In 2012, he received the Outstanding Technical Contribution Award at BEYA for research on jet and turbine engine ceramic and metals, which need to stay intact at temperatures hotter than 1,832 degrees.
“Jon Goldsby’s first experiment, at age 11, was breaking up sunlight using a small mirror in a dish of water,” said the award presenter. “Since then, he’s been involved in creating new materials to convert heat into electricity.
As a new scientist, Goldsby dedicated his career to the development of aerospace technology for better aircraft by establishing new research capabilities and enabling materials—a promise that has led to discoveries, and in the process, shown others the way forward.
Since Goldsby joined NASA in 1990, he has served as a role model for minorities and women and worked with mentoring and educational programs that promote STEM careers, including the United Negro College Fund.

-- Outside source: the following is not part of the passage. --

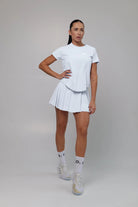 Black stretchy material shirt and skirt set (without bra) - Six Zero padel
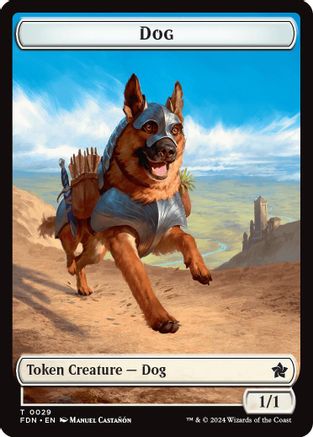Image of Dog // Beast (0032) Double-Sided Token (FDN-29 // 32) - Foundations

“My first science teachers were Black women,” Goldsby said. “Women who would not witness this future. I serve an agency that is now celebrating “Hidden Figures.” On reflection, they were never hidden to me and they have made all the difference in my life.”
Goldsby earned a bachelor’s in physics from John Carroll University, an M.B.A. from Cleveland State University and a doctorate in materials science and engineering from Case Western Reserve University.
The NASA Glenn Research Center in Cleveland, Ohio designs and develops innovative technology to advance NASA’s missions in aeronautics and space exploration.